Exercise details: An exact restatement of all the data is required, with the pictures left out.

Provided data:

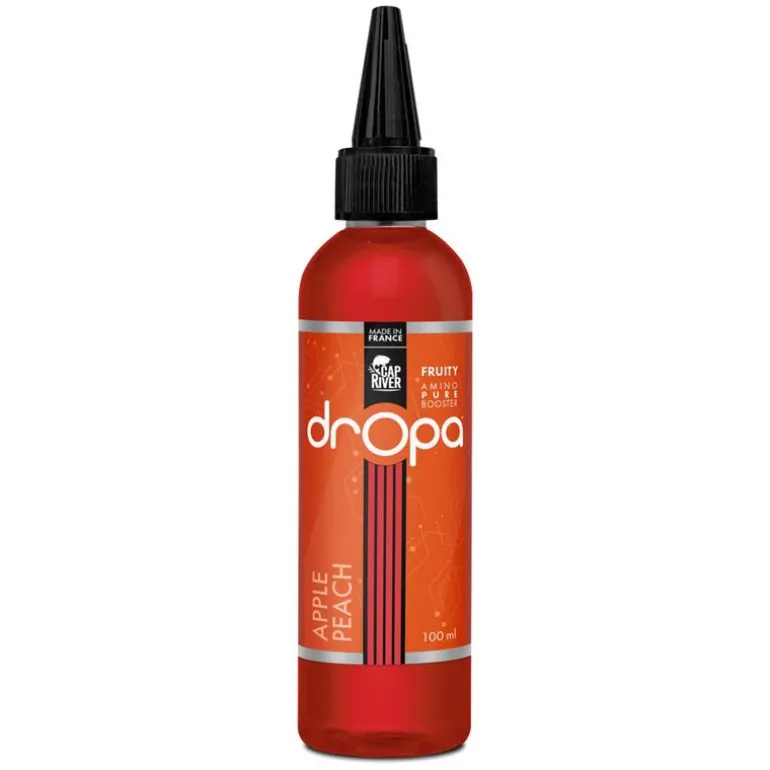 Booster Cap River Dropa Pomme Pêche 100ml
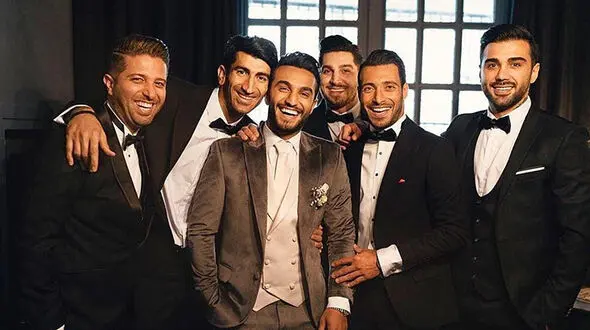 جشن عروسی لاکچری بازیکن پرسپولیس + فیلم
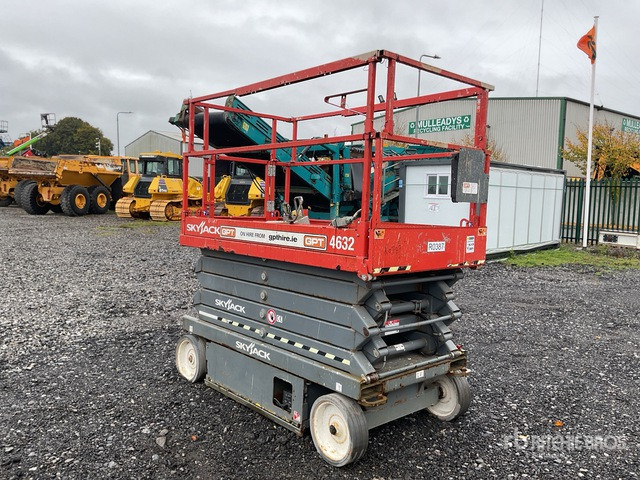 2018 Skyjack SJIII4632 2018 Skyjack SJ4632 Scissor Lift Scissor Lift - Plataforma de tijeras: foto 3 2018 Skyjack SJIII4632 2018 Skyjack SJ4632 Scissor Lift Scissor Lift - Plataforma de tijeras: foto 3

Response for this exercise:
 Booster Cap River Dropa Pomme Pêche 100ml
 جشن عروسی لاکچری بازیکن پرسپولیس + فیلم
 2018 Skyjack SJIII4632 2018 Skyjack SJ4632 Scissor Lift Scissor Lift - Plataforma de tijeras: foto 3 2018 Skyjack SJIII4632 2018 Skyjack SJ4632 Scissor Lift Scissor Lift - Plataforma de tijeras: foto 3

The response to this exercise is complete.